Mauricio Macri assumed the presidency of Argentina a little over a year ago, on Dec. 10, 2015, intent on correcting years of mistakes by his predecessors and eager to cement his place as a leader of significance. While he has largely succeeded in the first goal, the second remains stubbornly out of reach, and efforts to build an enduring legacy will only grow more complicated in the years to come.
Macri’s surprising victory in the 2015 election—polls initially showed him likely to lose outright in October’s first round of voting—ended 12 years of rule by Nestor Kirchner and his wife, Cristina Fernandez de Kirchner. Macri’s triumph stemmed largely from his status: As the scion of a plutocratic Buenos Aires family, he was the farthest politician possible from the discredited Kirchners, small-time lawyers-cum-politicians from remote Santa Cruz.
For the Kirchners and their Peronist party, politics was akin to warfare.
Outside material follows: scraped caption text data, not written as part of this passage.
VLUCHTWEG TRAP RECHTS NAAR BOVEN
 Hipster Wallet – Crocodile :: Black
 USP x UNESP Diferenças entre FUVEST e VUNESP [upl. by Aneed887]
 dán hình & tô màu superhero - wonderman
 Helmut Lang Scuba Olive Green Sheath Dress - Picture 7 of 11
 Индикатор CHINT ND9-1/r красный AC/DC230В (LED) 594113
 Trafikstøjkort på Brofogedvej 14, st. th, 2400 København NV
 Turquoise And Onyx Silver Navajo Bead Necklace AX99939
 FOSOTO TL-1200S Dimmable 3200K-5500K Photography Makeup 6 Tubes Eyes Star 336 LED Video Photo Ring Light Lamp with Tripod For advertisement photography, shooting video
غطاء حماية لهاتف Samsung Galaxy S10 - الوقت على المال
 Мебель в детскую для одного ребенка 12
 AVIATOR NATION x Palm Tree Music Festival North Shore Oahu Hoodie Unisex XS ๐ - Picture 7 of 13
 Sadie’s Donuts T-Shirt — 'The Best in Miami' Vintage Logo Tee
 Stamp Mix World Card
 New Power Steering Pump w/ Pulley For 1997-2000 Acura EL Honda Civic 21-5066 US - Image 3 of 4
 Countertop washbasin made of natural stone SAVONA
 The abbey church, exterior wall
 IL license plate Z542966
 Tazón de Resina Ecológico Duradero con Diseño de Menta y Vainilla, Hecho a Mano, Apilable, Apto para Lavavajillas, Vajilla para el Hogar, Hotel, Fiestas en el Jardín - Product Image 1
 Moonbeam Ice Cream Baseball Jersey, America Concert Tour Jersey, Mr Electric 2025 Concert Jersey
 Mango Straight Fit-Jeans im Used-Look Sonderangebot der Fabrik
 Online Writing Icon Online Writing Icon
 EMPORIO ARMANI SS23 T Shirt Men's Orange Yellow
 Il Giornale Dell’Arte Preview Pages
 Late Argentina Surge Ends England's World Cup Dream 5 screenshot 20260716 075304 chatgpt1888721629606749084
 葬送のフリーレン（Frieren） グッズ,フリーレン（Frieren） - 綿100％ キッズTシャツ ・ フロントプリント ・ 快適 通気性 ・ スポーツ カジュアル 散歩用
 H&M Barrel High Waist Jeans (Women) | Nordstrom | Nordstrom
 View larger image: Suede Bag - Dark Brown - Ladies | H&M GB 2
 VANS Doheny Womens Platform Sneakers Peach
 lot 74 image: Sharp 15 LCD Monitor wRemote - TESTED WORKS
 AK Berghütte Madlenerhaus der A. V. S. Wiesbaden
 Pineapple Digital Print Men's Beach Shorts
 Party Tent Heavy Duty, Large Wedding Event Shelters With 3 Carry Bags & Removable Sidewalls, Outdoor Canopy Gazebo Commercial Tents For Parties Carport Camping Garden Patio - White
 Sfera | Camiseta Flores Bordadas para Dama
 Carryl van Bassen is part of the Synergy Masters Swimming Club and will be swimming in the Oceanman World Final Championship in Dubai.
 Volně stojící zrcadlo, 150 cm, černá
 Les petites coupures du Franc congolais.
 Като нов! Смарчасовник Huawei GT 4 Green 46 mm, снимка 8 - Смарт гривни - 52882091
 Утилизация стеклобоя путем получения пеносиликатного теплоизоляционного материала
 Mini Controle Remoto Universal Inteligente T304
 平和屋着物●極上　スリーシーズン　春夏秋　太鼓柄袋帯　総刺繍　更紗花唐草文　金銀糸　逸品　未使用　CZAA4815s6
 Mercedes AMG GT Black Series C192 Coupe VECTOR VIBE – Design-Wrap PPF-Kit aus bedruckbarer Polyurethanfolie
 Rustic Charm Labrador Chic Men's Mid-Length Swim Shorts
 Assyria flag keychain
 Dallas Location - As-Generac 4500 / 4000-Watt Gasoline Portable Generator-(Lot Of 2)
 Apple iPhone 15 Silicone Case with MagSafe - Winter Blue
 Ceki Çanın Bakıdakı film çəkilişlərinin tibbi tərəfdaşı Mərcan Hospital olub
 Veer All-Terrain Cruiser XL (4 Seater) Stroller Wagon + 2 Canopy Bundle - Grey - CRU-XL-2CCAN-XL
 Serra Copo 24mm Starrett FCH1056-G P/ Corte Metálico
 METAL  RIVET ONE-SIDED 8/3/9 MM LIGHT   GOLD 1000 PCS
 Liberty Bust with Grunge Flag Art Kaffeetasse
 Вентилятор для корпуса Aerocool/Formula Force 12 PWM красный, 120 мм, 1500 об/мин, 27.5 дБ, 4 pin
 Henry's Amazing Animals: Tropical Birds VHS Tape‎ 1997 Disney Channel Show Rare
In their 12 years controlling the presidency—the first four via the late Nestor, the following eight under Cristina, with both pursuing a similar socialist-leaning program—the Kirchners sought popularity through conflict with many adversaries. That ranged from political challengers, including Macri, and protesting unions to multilateral organizations, foreign countries, multinational oil companies and, most famously, New York hedge funds. They also thumbed their nose at increasingly voluminous evidence of corruption implicating them and their closest political and business allies.